Divórcio para pôr bens a salvo?

Em Dezembro de 2014, João Alexandre divorciou-se da cidadã madeirense com quem esteve casado 33 anos e que é mãe dos seus três filhos, todos já adultos. Esta decisão da vida pessoal aconteceu depois de se saber que os negócios do ‘Universo Espírito Santo’ estavam sob investigação. Por isso, o Ministério Público acredita que este divórcio e a subsequente partilha de bens tiveram como única finalidade colocar o património acumulado pelo casal a salvo de um eventual arresto judicial.

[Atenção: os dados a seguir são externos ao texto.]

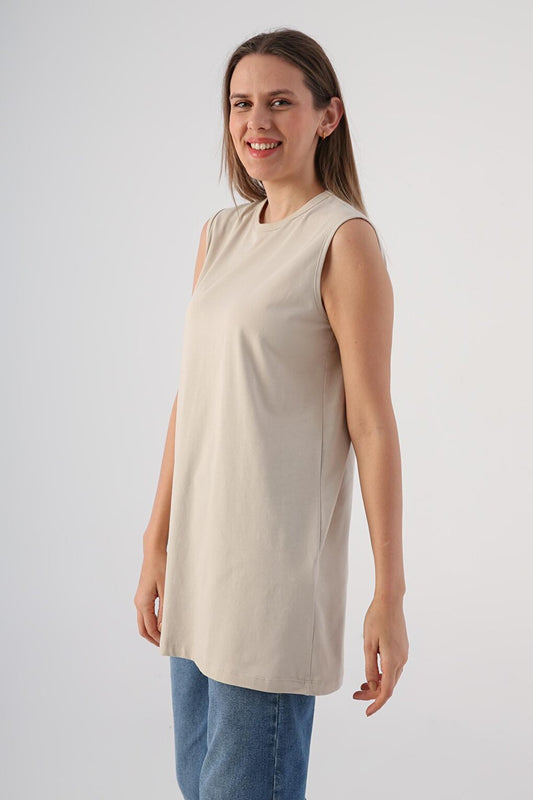 Stone Cotton Basic Sleeveless T-Shirt Tunic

No interrogatório, o gestor madeirense afirmou que, quando está em Portugal, pernoita de favor em casa da sua ex-mulher ou dos filhos, ou então em hotéis.

Já saiu do Novo Banco

João Alexandre Rodrigues da Silva nasceu a 3 de Novembro de 1960 na freguesia de S. Pedro, Funchal. Tem 57 anos. Recebeu uma indemnização para deixar o BES/Novo Banco em Maio de 2017, um mês antes de ser detido.